Pour moi, comme pour vous, je crois, l'idée est la suivante : je suis très attaché au catholicisme parce que j'y retrouve

la percussion spirituelle qu'a provoquée Jésus dans les conditions où on les trouve. Catholique d'origine, élevé dans un milieu où le catholicisme était encore majoritaire ou du moins dans lequel le catholicisme a été très important pour la formation du climat humain de ce pays, c'est grâce à cette Église que cette percussion spirituelle n'a pas été entièrement perdue et est encore suffisamment vivante pour qu'elle puisse porter un écho vivant, fécond dans le cœur de certains, pour qu'ils puissent continuer à porter cette foi aux générations qui suivent. Voilà notre base !

Mais, nous autres, chrétiens d'origine, nous avons reçu une formation essentiellement doctrinale ; le grand danger est que nous nous en suffisions. Nous avons reçu une morale ; le grand danger est que nous la pensions suffisante dans l'environnement tout à fait différent dans lequel nous nous trouvons. Restons simplement au niveau de la doctrine. On nous a beaucoup enseigné une christologie et nous l'avons trop vite crue parce que ça nous a distraits, ça nous a court-circuités des démarches humaines que nous avons à faire pour rendre actuelle, présente, semblable à ce que nous vivons, une lumière pour ce que nous avons à vivre, grâce à ce que cet homme a vécu dans son petit pays de Galilée... C'est un des moments très importants de notre époque.
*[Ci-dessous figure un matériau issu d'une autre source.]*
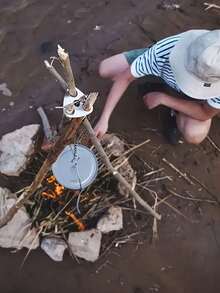 1个不锈钢折叠三脚架，户外锅架，带可调节链条 - 露营、徒步和烧烤的理想之选 | 便携、耐用、易于安装的锅架和火盆，表面抛光，露营配件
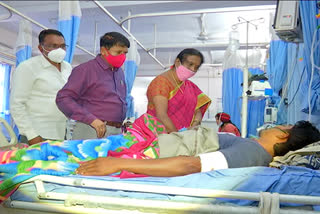 sand mafia attacking with knives on villager at mahabubnagar district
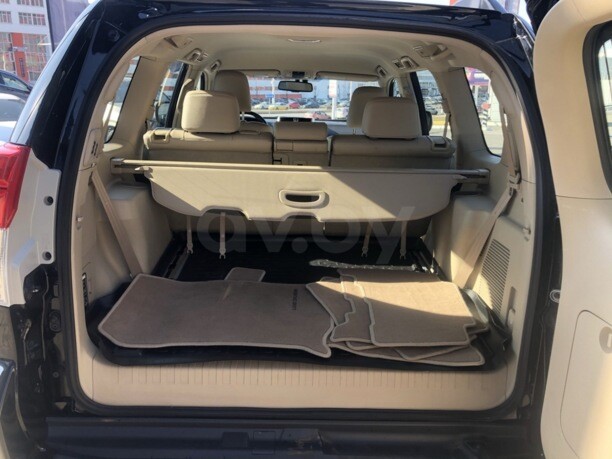 Toyota Land Cruiser Prado J150, 7 мест, 2009 г.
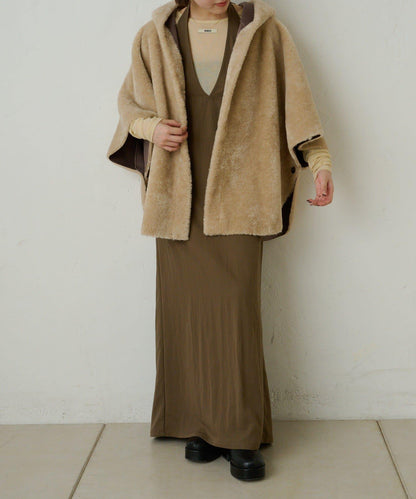 【Omekashi】短款仿毛絨斗篷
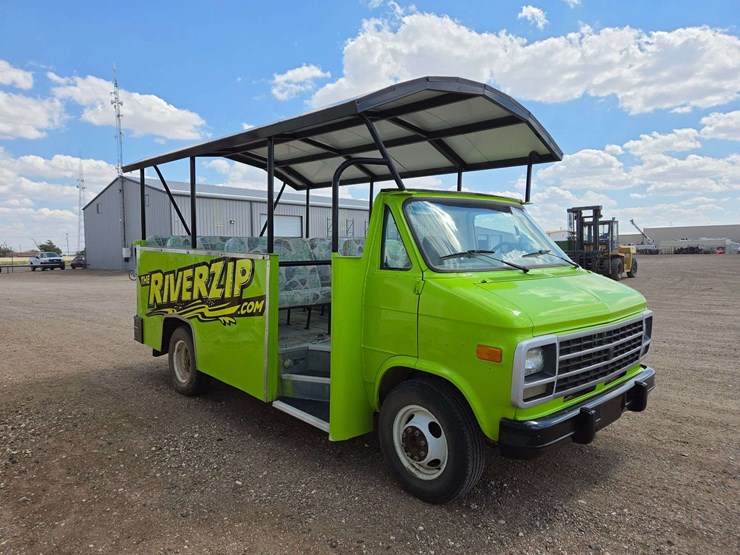 1993-gmc-3500-image-2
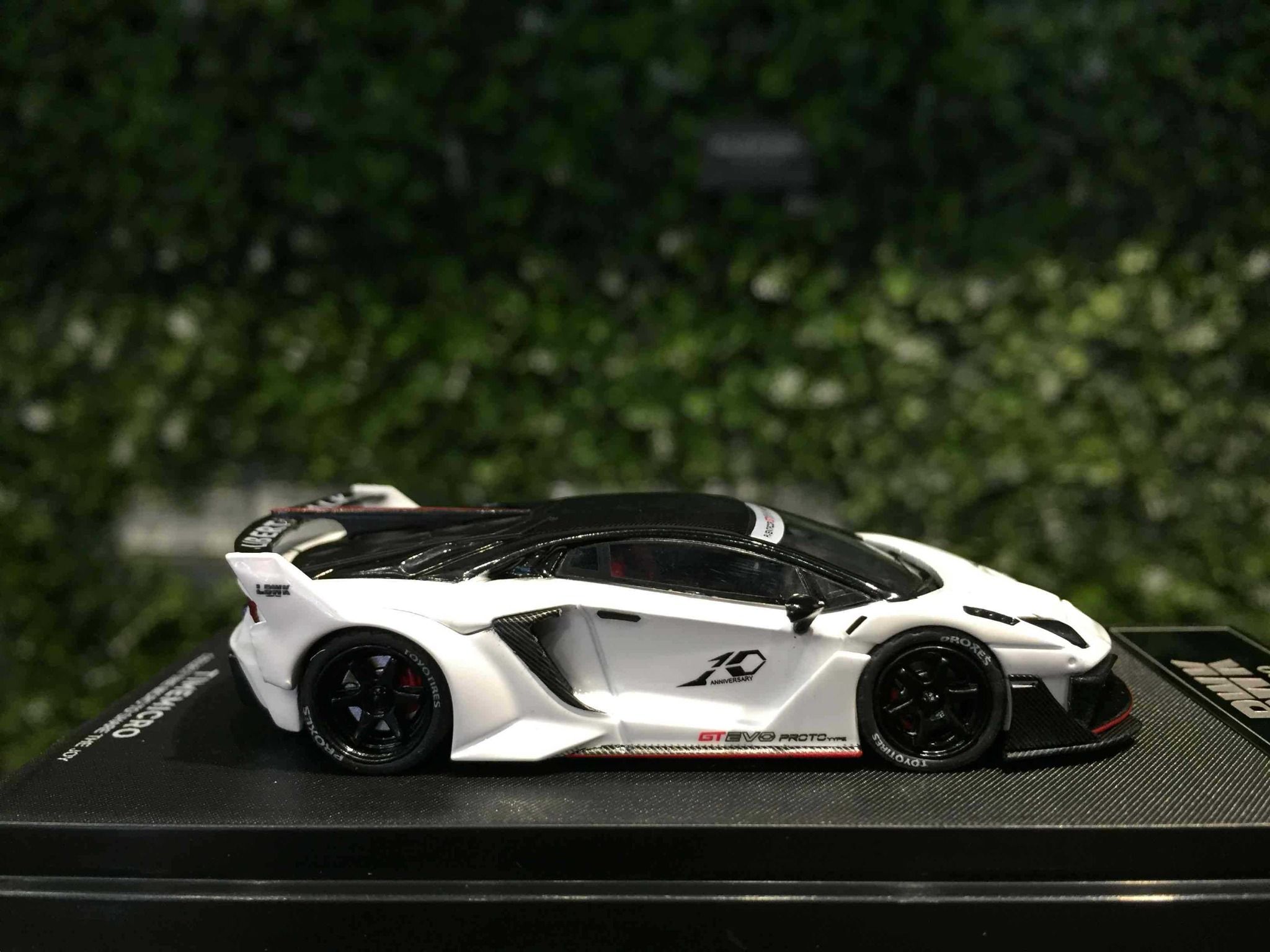  Mô hình xe Lamborghini Aventador LP700 2.0 Gt EVO white tỉ lệ 1:64 Time micro 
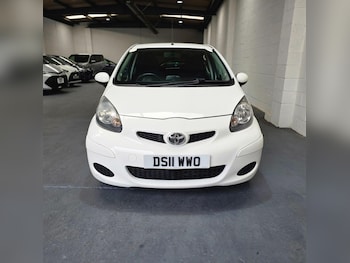 Used Toyota AYGO 2011 for sale - 76214577: Photo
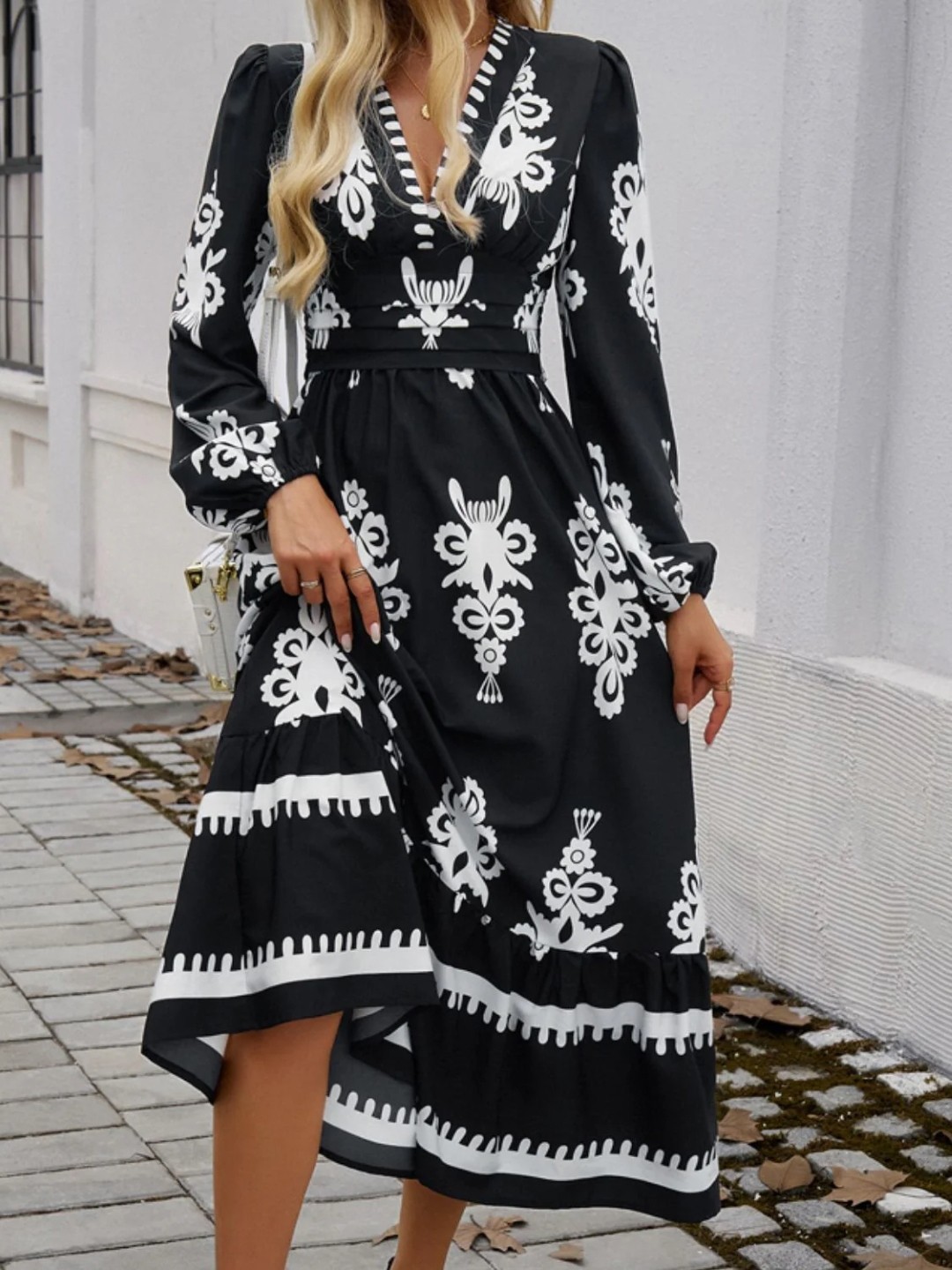 

KPOP Ethnic Motifs Print Puff Sleeve A-Line Midi Dress, Black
Il faut que grâce à notre approfondissement humain, grâce aux sciences humaines, grâce aux progrès de l'exégèse, grâce à un certain progrès de la théologie qui se critique elle-même comme la science doit se critiquer elle-même pour pouvoir devenir elle-même, pour devenir plus exacte, grâce à toutes ces choses qui sont possibles maintenant et qui ne l'étaient pas, qui n'étaient même pas imaginables jadis, nous parvenions dans l'intelligence de ce que Jésus a vécu, et devenions ses disciples, à notre manière, suivant notre temps, comme ont été disciples de Jésus quelques Juifs qui se sont laissé, disons, séduire par lui, qui l'ont suivi jusqu'au bout, sachant pertinemment assez vite que ce serait l'échec, mais un échec qui s'est manifesté, par le fait que c'était le fruit d'une fidélité profonde, la cause, l'origine plutôt, d'une fécondité. Voilà, me semble-t-il, l'essentiel.